Les Etats deviennent les uniques acteurs légitimes de l’histoire. Et de ce fait, la guerre est définie non plus comme un meurtre, mais comme un droit des États : on tue l’idée d’une Europe internationaliste. Et de ce fait, les sociétés sont privées de leur capacité d’exister elles-mêmes, de produire leur propre droit, indépendamment de leur relation à un État.
C’est l’abandon de l’utopie impériale : la fragmentation européenne est reconnue comme légitime.

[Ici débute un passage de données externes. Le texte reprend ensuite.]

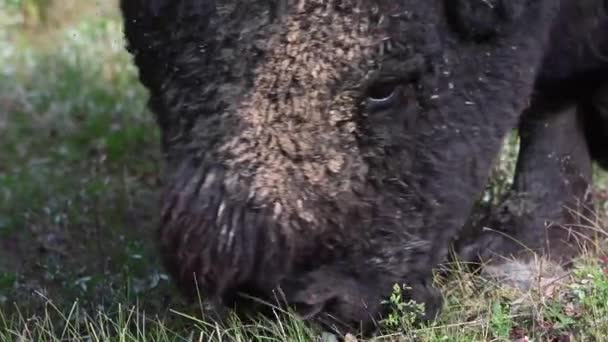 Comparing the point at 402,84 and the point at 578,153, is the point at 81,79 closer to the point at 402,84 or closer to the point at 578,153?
the point at 578,153

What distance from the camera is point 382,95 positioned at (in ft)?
10.7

3. 1792 : la Révolution française

La période qui suit 1792 est post-machiavélienne : Machiavel, dans Le Prince (écrit en 1513 et publié en 1532) conseillait au monarque d’armer son peuple et non de le désarmer. Il appelait à une alliance entre le Prince et les sujets : une cité armée peut se défendre par elle-même.
Les généraux de la période révolutionnaire sont du côté de la contre-révolution : il faut donc faire l’armée à partir du peuple. C’est ce que Tocqueville appellera la « guerre démocratique ». L’idée sera reprise par Halévy, Toynbee et François Furet.
C’était déjà le modèle de la Guerre du Péloponnèse au Vème siècle av. JC, telle que la rapporte Thucydide : un engagement des citoyens, une obligation d’aller au combat.
Mais la guerre s’arrête avant la victoire, ce qui est considéré comme une trahison, et non pas comme une défaite : la défaite devient honteuse.

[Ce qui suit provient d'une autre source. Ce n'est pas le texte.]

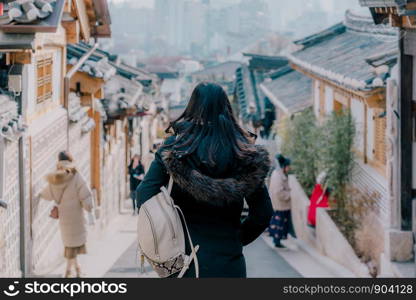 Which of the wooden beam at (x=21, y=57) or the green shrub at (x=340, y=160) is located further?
the green shrub at (x=340, y=160)

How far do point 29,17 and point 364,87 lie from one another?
5.88 m

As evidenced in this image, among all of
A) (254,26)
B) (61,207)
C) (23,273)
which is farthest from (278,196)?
(254,26)

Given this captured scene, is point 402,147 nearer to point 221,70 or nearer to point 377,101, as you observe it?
point 377,101

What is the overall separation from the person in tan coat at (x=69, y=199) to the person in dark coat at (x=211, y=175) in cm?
595

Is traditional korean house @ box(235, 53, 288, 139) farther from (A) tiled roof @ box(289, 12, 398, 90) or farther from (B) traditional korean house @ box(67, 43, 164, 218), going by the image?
(A) tiled roof @ box(289, 12, 398, 90)

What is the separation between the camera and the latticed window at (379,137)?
1429cm

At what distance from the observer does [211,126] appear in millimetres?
4797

4. 1870 : les effets du darwinisme social

Le Congrès de Vienne en 1815 a engagé une pacification de l’Europe, après les guerres napoléoniennes. Mais Engels, collaborateur de Marx, écrit en 1895 :
« S’il y a une nouvelle guerre, elle fera des millions de morts ».
Et l’historien Georges Mosse parlera en 1999 d’une « brutalisation des sociétés européennes ».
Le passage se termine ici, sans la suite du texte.